On en voit l’application dans le chapitre Les enfants de la révolution où elle rapproche un double autoportrait de Laurence et Dominique Sudre nus à leur domicile de clichés d’une actualité du 25 février 1972 : l’Assassinat de Pierre Overnay, Renault. Christophe Schimmel son auteur témoigne sur son devoir de transmission. L’intérêt de cette mise en relation reste surtout générationnel mais permet de faire un rapport sur les arcanes techniques et juridiques d’une photo de presse à l’époque.

On se souvient que l’auteure a été commissaire de l’exposition « J.H Lartigue : La vie en couleurs » en 2015 à la Maison Européenne de la Photographie à Paris, et et des ouvrages éponymes (Editions du Seuil, 2015 / traduction américaine chez Abrams et allemande chez Schirmer Mosel). Cela fait ici l’objet d’un chapitre évidemment fort documenté.
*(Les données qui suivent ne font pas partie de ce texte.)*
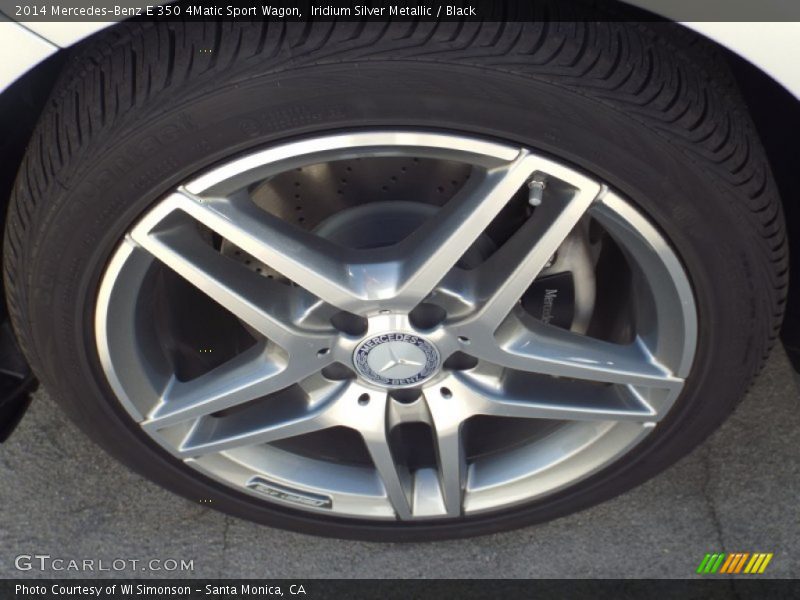 Iridium Silver Metallic / Black 2014 Mercedes-Benz E 350 4Matic Sport Wagon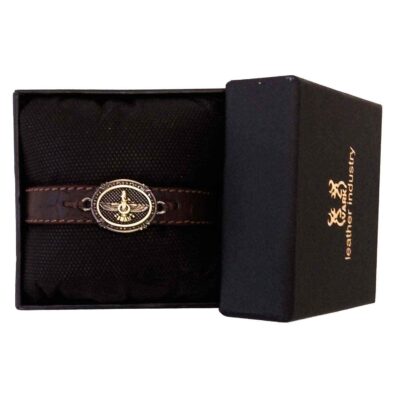Persian Leather Bracelet for Men and Women – Faravahar Symbol
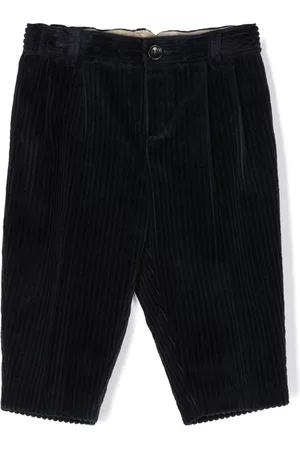 Gucci Jongens Chino's - Logo-patch cotton trousers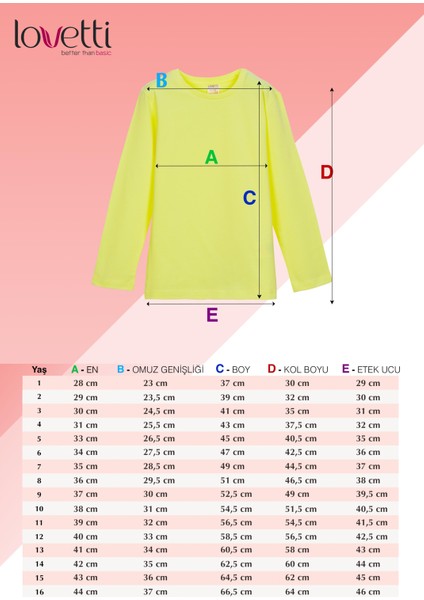 Nar Çiçeği Basic Unisex Çocuk Mevsimlik Sıfır Yaka Uzun Kollu Tişört indirimleri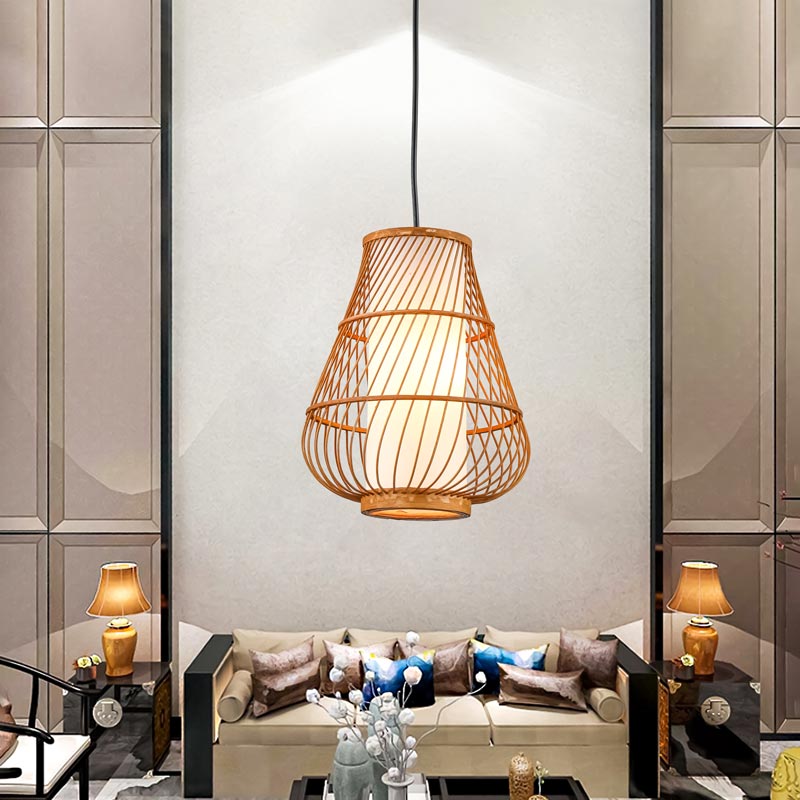 Đèn thả trần trang trí bằng tre tự nhiên THVR92106 - Image 2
En revanche l’auteure se consacre à une enquête fort longue et pour tout dire quelque peu ennuyeuse de l’ « affaire » du Baiser de l’Hôtel de ville de Robert Doisneau et du procès qui s’en est suivi. En enquêtrice sérieuse Martine Ravache a rencontré le couple qui plusieurs décennies après la prise s’est reconnu sur l’image mais a été débouté par la justice.L’intérêt est de rappeler que le photographe humaniste s’est dédouané en avouant avoir monté cette photo avec deux comédiens, ce qui n’en fait pas un précurseur de la stage photography et ce qui ne justifiait pas toute cette glose.

La mise en relation d’images de différentes époques concernant la cécité, l’empêchement de voir est plus convaincante , parce que thématiquement mieux assumée, elle nous permet de revoir (de relire !) des images d’Henri Cartier-Bresson, le célèbre portrait de Pierre Louis Pierson Scherzo di Folia ou d’autres de de Yourik Brodsky ou d’Eric Rondepierre.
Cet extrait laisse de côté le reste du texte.